Kamisaka Kenta, Saitoh Masakazu, Kato Michitaka, Kamiya Kentaro, Taya Masanobu, Morisawa Tomoyuki, Takahashi Tetsuya
Japanese Society of Cardiovascular Physical Therapy Tokyo Japan.
Circ Rep. 2025 Jul 17;7(9):809-816. doi: 10.1253/circrep.CR-25-0103. eCollection 2025 Sep 10.
Hospitalization-associated disability (HAD) is associated with poor prognosis in patients with heart failure (HF); however, the impact of HAD in older HF patients who require long-term care remains unclear. Therefore, the aim of this study was to determine the prognostic impact of the care level and HAD onset in older HF patients.
This study included 9,973 patients (mean age 82.6±7.7 years; 50.8% male) out of 10,062 older HF patients enrolled in a nationwide multicenter registry (Japanese Physical Therapy Multicenter Registry of Older Frail Patients With Heart Failure) for analysis. Patients were classified into 4 groups according to the level of care required under long-term care insurance (LTCI) during hospitalization. The level of care required was a risk factor for all-cause mortality and composite outcomes. In the HAD group, the adjusted hazard ratio for all-cause mortality increased with care level severity There was no interaction between the level of care required and HAD in relation to the outcomes.
In older HF patients, both the level of care required and HAD are poor prognostic factors. In the HAD group, the level of care required is an important indicator for planning interventions to prevent poor outcomes under the LTCI system.

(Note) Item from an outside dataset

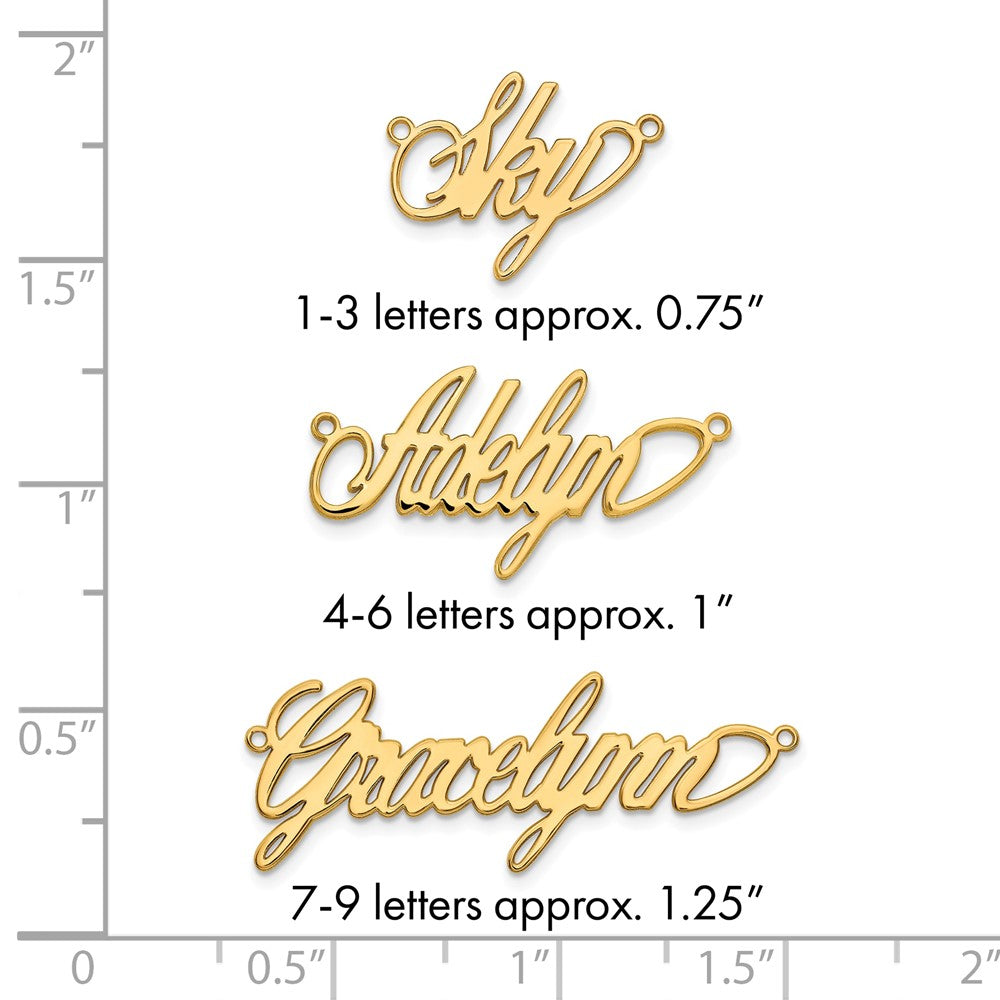 10k Yellow Gold Polished Surrey Font Name Plate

住院相关残疾(HAD)与心力衰竭(HF)患者的不良预后相关;然而,HAD对需要长期护理的老年HF患者的影响仍不清楚。因此,本研究的目的是确定护理水平和HAD发作对老年HF患者的预后影响。
本研究纳入了全国多中心注册研究(日本老年体弱心力衰竭患者物理治疗多中心注册研究)中10062例老年HF患者中的9973例患者(平均年龄82.6±7.7岁;男性占50.8%)进行分析。根据住院期间长期护理保险(LTCI)规定的护理水平,将患者分为4组。所需护理水平是全因死亡率和复合结局的危险因素。在HAD组中,全因死亡率的调整后风险比随护理水平严重程度增加。所需护理水平与HAD在结局方面不存在交互作用。
在老年HF患者中,所需护理水平和HAD都是不良预后因素。在HAD组中,所需护理水平是在LTCI系统下规划预防不良结局干预措施的重要指标。